Even those who have enjoyed a very active sex life prior to having children will inevitably notice a variation as two becomes three (or four, or five etc). At the very least, spare time and energy are low while sleep deprivation is high and that’s before we consider hormonal changes, women returning to work and a hundred other factors.
Some couples take this change in their stride, but many are left feeling disconnected from their partner and even worried about their relationship and what these changes mean.
According to research by the Gottman Institute who are considered one of the world leaders in relationships, two thirds of couples report a decline in relationship satisfaction in the first three years after the birth of a child.
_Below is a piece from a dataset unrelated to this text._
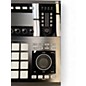Used Native Instruments Maschine Studio MIDI Controller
While sex is not the only element to determine relationship satisfaction, for many couples it is a significant aspect.
There are many factors that can impact how regularly a couple will have sex once they have a new baby – the physical recovery from pregnancy and labour, the physical demands of an infant, the lack of time together to name a few. Then there are the physical, mental and emotional changes a woman experiences in motherhood which can take time to process. Sex may not be at the top of her priority list.
The good news is there are things you can do to work through these barriers.
1. Talk about it – before your baby arrives, if possible
Many antenatal classes recommend that couples discuss potential conflicts, including the impact on sexual intimacy which could arrive along with your baby. But if that ship has sailed, it is never too late to start talking and working to bridge the distance or work through the conflicts.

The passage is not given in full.